=== TASK TO COMPLETE ===
Your answer should be the lines from the one with "Naguri状态不佳沦为替补！FPX迎战LGD！新人上单平小虎首发" to the end of the data below, both included, exact and free of pictures.

=== DATASET EXTRACT ===
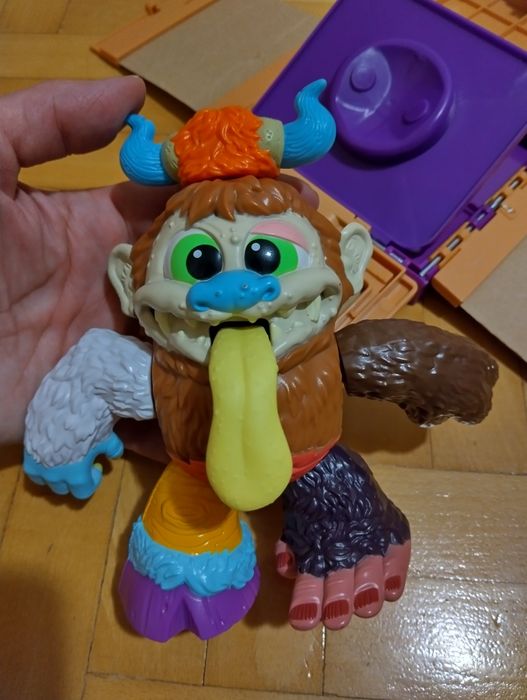 Забавна играчка чудовище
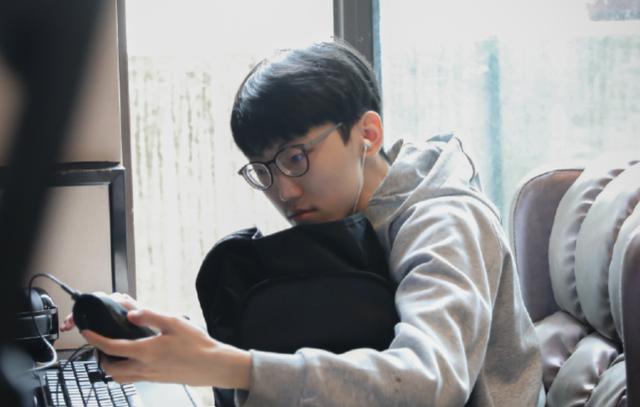 Naguri状态不佳沦为替补！FPX迎战LGD！新人上单平小虎首发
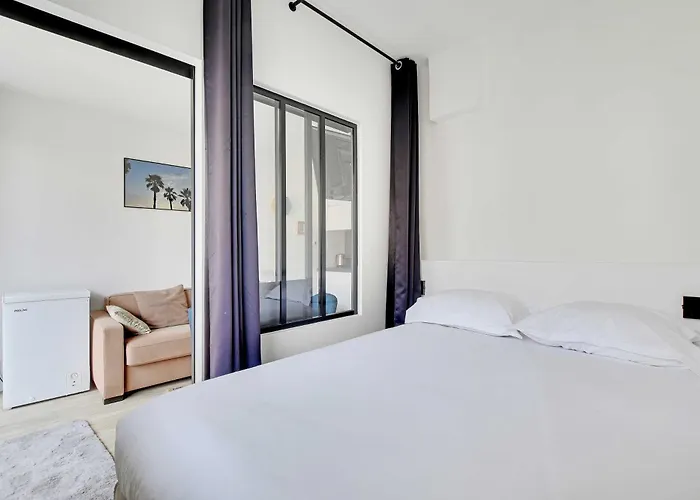 Charming - 2p - Trocadero 아파트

=== SOLUTION TO THE PROBLEM ===
 Naguri状态不佳沦为替补！FPX迎战LGD！新人上单平小虎首发
 Charming - 2p - Trocadero 아파트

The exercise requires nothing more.